National Institute for Health Research Biomedical Research Unit in Gastrointestinal and Liver Diseases at Nottingham University Hospitals NHS Trust, University of Nottingham, Nottingham, UK; Department of Colorectal Surgery, Nottingham University Hospitals NHS Trust, Nottingham, UK; School of Cancer Sciences, University of Birmingham, Birmingham, UK; Department of Gastroenterology, Royal Wolverhampton NHS Trust, Wolverhampton, UK.

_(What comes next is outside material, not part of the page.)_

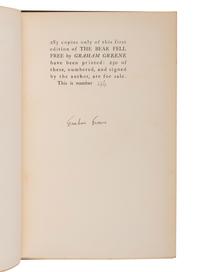 GREENE, Graham (1904-1991). The Bear Fell Free . Edited by John Hackney. London: Grayson & Grayson, 1935.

The British Journal of Surgery. 2017;104((3):):214-221
BACKGROUND Treatment of preoperative anaemia is recommended as part of patient blood management, aiming to minimize perioperative allogeneic red blood cell transfusion. No clear evidence exists outlining which treatment modality should be used in patients with colorectal cancer. The study aimed to compare the efficacy of preoperative intravenous and oral iron in reducing blood transfusion use in anaemic patients undergoing elective colorectal cancer surgery. METHODS Anaemic patients with non-metastatic colorectal adenocarcinoma were recruited at least 2 weeks before surgery and randomized to receive oral (ferrous sulphate) or intravenous (ferric carboxymaltose) iron. Perioperative changes in haemoglobin, ferritin, transferrin saturation and blood transfusion use were recorded until postoperative outpatient review. RESULTS Some 116 patients were included in the study. There was no difference in blood transfusion use from recruitment to trial completion in terms of either volume of blood administered (P = 0.841) or number of patients transfused (P = 0.470). Despite this, increases in haemoglobin after treatment were higher with intravenous iron (median 1.55 (i.q.r. 0.93-2.58) versus 0.50 (-0.13 to 1.33) g/dl; P < 0.001), which was associated with fewer anaemic patients at the time of surgery (75 versus 90 per cent; P = 0.048). Haemoglobin levels were thus higher at surgery after treatment with intravenous than with oral iron (mean 11.9 (95 per cent c.i. 11.5 to 12.3) versus 11.0 (10.6 to 11.4) g/dl respectively; P = 0.002), as were ferritin (P < 0.001) and transferrin saturation (P < 0.001) levels. CONCLUSION Intravenous iron did not reduce the blood transfusion requirement but was more effective than oral iron at treating preoperative anaemia and iron deficiency in patients undergoing colorectal cancer surgery.